L’appuntamento del prossimo novembre è particolarmente sfidante, un po’ perché Kamala Harris e Donald Trump hanno idee molto diverse sui rapporti con gli alleati, sulle politiche commerciali, sulle misure protezionistiche, un po’ per l’incertezza della corsa, Harris ha recuperato consensi rispetto a Biden ma l’esito finale è molto incerto.

La coerenza di Kamala Harris e di Donald Trump si giocherà sui conti pubblici e auguriamoci che faccia loro difetto: i programmi di spesa della prima e i tagli delle tasse promessi dal secondo mal si attagliano ai livelli record del deficit e del debito federale, sopra il 122% del Pil. Nel 2025 il costo del servizio del debito sarà attorno ai mille miliardi di dollari, gli uffici del Congresso hanno calcolato che, con l’attuale ritmo di crescita medio giornaliero, il debito aumenterà di altri mille miliardi di dollari nel giro di 158 giorni.

Se Harris e Trump saranno coerenti con il loro programma, la spesa pubblica non potrà che aumentare (via maggiori trasferimenti o via riduzione delle entrate fiscali) peggiorando lo stato dei conti, a farne le spese saranno la sostenibilità del debito e il valore del dollaro. La Federal Reserve si troverebbe alle prese con politiche fiscali espansive potenzialmente inflazionistiche e, con Trump, anche l’indipendenza della stessa banca centrale entrerebbe nel frullatore dell’incertezza.

Il valore della coerenza non deve invece fare difetto all’investitore che, mentre segue le notizie e l’attualità, tiene d’occhio la coerenza del portafoglio con i propri obiettivi finanziari. L’eccesso di notizie non aiuta le decisioni di investimento, sempre radicate nel lungo termine.
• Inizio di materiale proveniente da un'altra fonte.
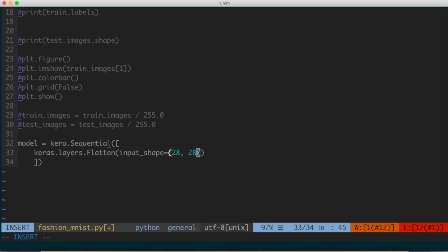This flattening is pretty important for the way in which the data is going to be fed into our neural network. Instead of having a 28 by 28 two-dimensional representation, we have a one-dimensional 784-dimension vector (28 times 28). You can think of this as unstacking the rows of pixels and lining them up. This layer doesn't have any parameters to learn — it just reformats the data.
Le notizie politiche hanno sui mercati effetti di breve termine e, storicamente, le elezioni presidenziali e quelle di metà mandato (“mid term”) non hanno mai influenzato i mercati in modo significativo.

Sarebbe pertanto imprudente aggiustare il portafoglio in base ai sondaggi e ai settori favoriti rispettivamente da una amministrazione democratica o repubblicana: al netto di movimenti di corto respiro, i mercati continueranno a essere guidati dalle aspettative sugli utili e sulla crescita, dalle dinamiche dei prezzi e del mercato del lavoro, dai tassi d’interesse. L’alleato dell’investitore è il tempo, non il timing, l’investitore mantenga un tiepido interesse verso i possibili effetti che le elezioni potranno sortire sulle diverse classi di attivo, non perda di vista la coerenza tra il proprio portafoglio e gli obiettivi di lungo termine.

L’atterraggio morbido dell’economia americana, l’ipotesi ancora più accreditata, aiuterebbe la Fed a sottrarsi alle aspettative, fortissime, di un ciclo di riduzione dei tassi che potrebbe favorire il ritorno dell’inflazione e, soprattutto, a gestire politiche fiscali disinvolte. I titoli del Tesoro americano prezzano una brusca decelerazione, il rendimento reale del decennale è sceso dal 2,3% di fine aprile all’intorno di 1,6% di questi giorni. Ad oggi, l’economia americana continua a evitare le conseguenze dei tassi elevati, il tasso di disoccupazione è di 4,1%, in buona misura dovuto al rientro nel radar delle rilevazioni di persone che tornano a cercare lavoro.

Un quadro favorevole sul quale si allungano le ombre dell’imprevedibilità geopolitica: le guerre in Ucraina e le crescenti tensioni in Medio Oriente possono avere conseguenze sul prezzo del petrolio e sulle catene di approvvigionamento.

Anche le elezioni americane costituiscono un volano di volatilità, il presidente è sottoposto al controllo del Congresso quando si tratta di tasse e di bilancio ma ha le mani molto più libere in politica estera e nelle politiche commerciali.

Le sorti del dollaro dipenderanno da chi sarà il nuovo Presidente, Trump non fa mistero della sua preferenza per un dollaro debole e del desiderio di una Fed accomodante con la Casa Bianca, è altrettanto vero che un intervento a gamba tesa su Powell prima della scadenza del mandato avrebbe pesanti conseguenze ed è dunque poco probabile. Alla fin fine, annota John Authers di Bloomberg, è probabile che le politiche economiche annunciate da Trump rafforzerebbero il dollaro anziché indebolirlo.